- INPUT FOR THIS TASK
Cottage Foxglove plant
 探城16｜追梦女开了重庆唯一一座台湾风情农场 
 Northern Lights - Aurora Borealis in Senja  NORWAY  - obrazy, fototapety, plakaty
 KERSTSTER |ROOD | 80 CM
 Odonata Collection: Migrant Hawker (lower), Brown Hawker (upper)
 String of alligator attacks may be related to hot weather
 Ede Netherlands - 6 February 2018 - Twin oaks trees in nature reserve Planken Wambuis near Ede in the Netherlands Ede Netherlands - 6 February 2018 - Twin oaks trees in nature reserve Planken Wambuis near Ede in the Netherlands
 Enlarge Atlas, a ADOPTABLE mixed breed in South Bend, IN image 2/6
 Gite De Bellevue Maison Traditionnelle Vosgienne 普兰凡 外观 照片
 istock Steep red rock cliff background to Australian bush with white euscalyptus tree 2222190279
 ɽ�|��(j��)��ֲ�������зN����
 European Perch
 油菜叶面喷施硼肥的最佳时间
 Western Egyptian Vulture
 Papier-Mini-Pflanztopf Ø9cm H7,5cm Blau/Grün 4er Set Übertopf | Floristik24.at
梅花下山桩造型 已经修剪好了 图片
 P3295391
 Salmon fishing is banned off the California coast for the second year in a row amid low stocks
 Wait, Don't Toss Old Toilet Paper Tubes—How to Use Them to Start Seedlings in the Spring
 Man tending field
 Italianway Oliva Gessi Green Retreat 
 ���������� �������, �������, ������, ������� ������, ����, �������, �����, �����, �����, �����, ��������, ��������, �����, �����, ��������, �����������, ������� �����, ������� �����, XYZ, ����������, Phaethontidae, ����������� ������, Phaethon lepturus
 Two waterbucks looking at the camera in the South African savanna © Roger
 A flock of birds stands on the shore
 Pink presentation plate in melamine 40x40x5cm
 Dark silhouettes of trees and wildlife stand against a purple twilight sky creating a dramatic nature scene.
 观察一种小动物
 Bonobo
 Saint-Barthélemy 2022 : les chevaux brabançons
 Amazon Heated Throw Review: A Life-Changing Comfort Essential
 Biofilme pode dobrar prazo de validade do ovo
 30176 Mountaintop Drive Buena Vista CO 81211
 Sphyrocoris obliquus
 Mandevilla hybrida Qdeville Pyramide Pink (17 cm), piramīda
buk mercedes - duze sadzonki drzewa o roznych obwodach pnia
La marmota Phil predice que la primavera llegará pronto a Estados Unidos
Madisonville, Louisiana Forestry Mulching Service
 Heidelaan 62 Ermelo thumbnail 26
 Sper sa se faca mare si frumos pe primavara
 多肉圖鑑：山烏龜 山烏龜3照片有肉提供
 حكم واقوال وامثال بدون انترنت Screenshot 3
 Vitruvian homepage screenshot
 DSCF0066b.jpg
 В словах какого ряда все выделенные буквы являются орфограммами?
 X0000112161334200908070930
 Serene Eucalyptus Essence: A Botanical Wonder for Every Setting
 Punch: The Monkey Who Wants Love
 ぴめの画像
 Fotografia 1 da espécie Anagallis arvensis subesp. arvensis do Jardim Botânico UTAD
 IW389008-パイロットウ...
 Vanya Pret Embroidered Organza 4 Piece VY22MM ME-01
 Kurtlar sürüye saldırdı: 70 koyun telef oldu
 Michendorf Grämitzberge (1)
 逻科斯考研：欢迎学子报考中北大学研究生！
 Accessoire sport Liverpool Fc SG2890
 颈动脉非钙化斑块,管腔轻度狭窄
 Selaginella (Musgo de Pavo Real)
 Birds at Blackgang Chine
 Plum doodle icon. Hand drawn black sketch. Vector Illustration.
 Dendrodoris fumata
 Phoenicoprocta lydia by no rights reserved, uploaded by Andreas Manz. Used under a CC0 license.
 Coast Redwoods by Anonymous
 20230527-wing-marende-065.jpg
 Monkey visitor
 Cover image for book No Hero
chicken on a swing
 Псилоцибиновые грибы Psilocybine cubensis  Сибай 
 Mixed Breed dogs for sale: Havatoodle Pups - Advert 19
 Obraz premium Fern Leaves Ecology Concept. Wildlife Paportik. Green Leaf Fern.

- EXERCISE REQUIREMENTS
Every line with "Pink" in it should be copied from the entries.

- REPLY TO THE EXERCISE
 Pink presentation plate in melamine 40x40x5cm
 Mandevilla hybrida Qdeville Pyramide Pink (17 cm), piramīda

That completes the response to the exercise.